*Task statement*. The listing below holds pictures; exclude them. Return exactly the lines from the one with "Screenshot of dmvalve.com" through the one with "70MM Carabiner With Web Strap And Split Ring".

---- Source data

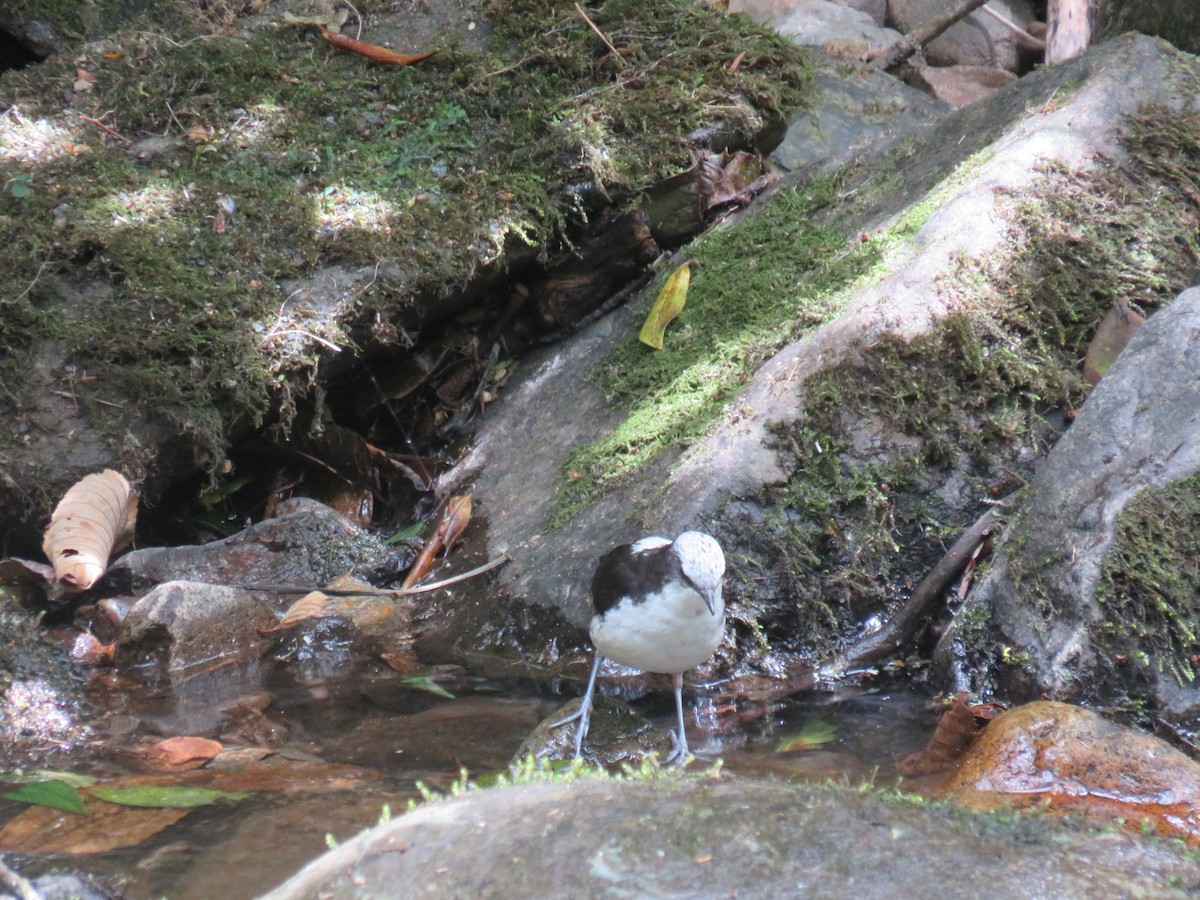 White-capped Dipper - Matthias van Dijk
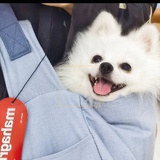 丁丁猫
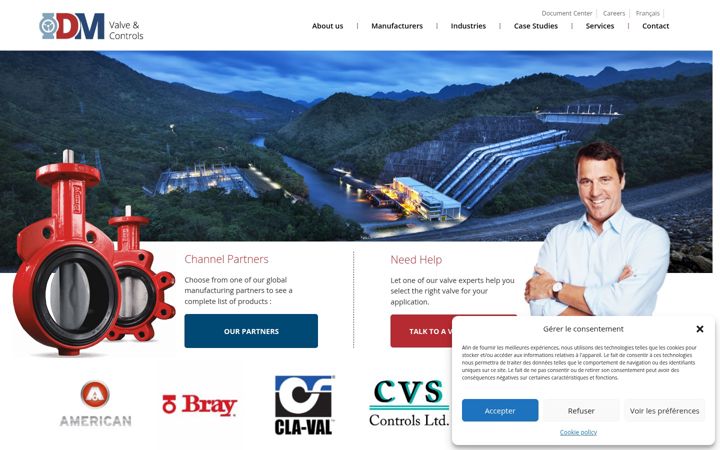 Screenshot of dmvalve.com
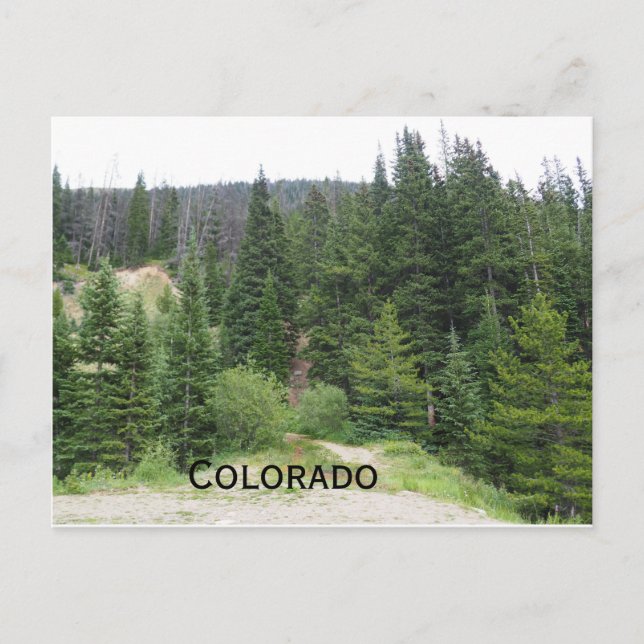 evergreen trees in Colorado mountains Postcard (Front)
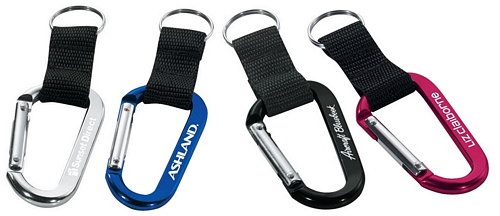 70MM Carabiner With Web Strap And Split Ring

--------
---- Source data

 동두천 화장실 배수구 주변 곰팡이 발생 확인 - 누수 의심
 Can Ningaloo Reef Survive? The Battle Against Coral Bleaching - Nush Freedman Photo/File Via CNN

--------
---- Source data

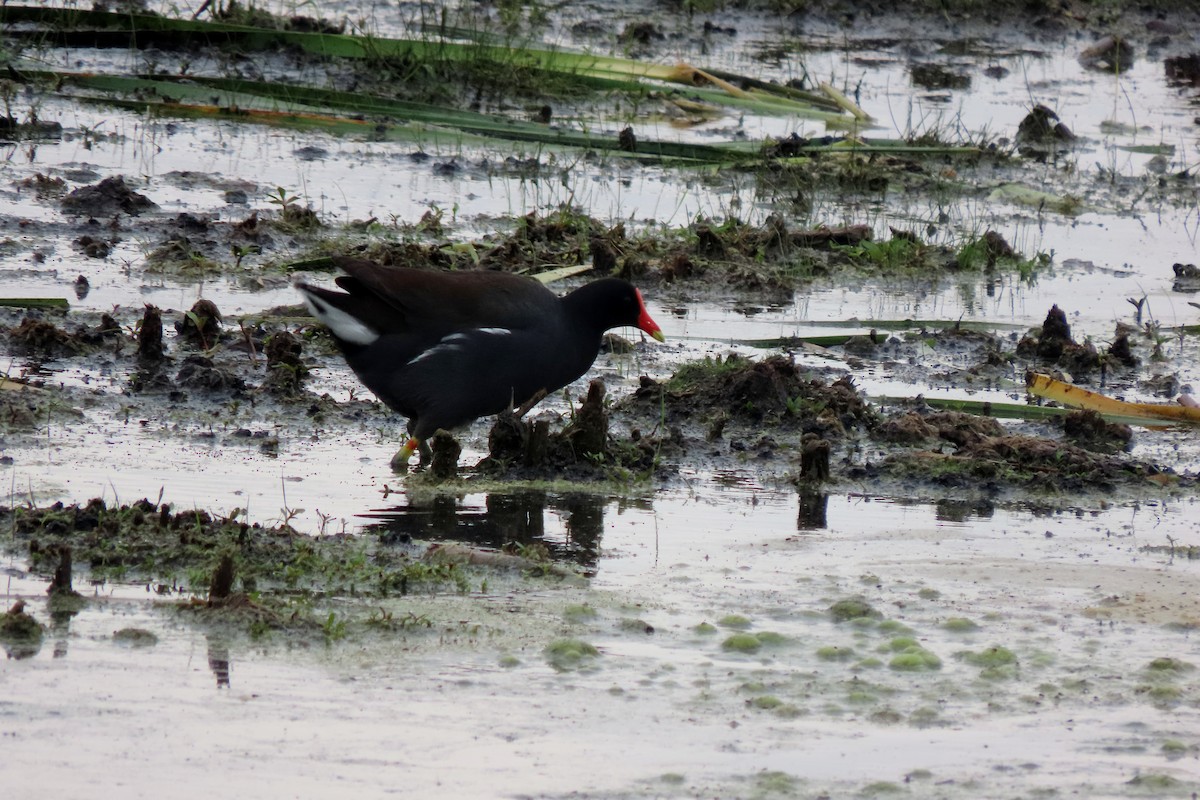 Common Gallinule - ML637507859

--------

*Finished task*.
 Screenshot of dmvalve.com
 evergreen trees in Colorado mountains Postcard (Front)
 70MM Carabiner With Web Strap And Split Ring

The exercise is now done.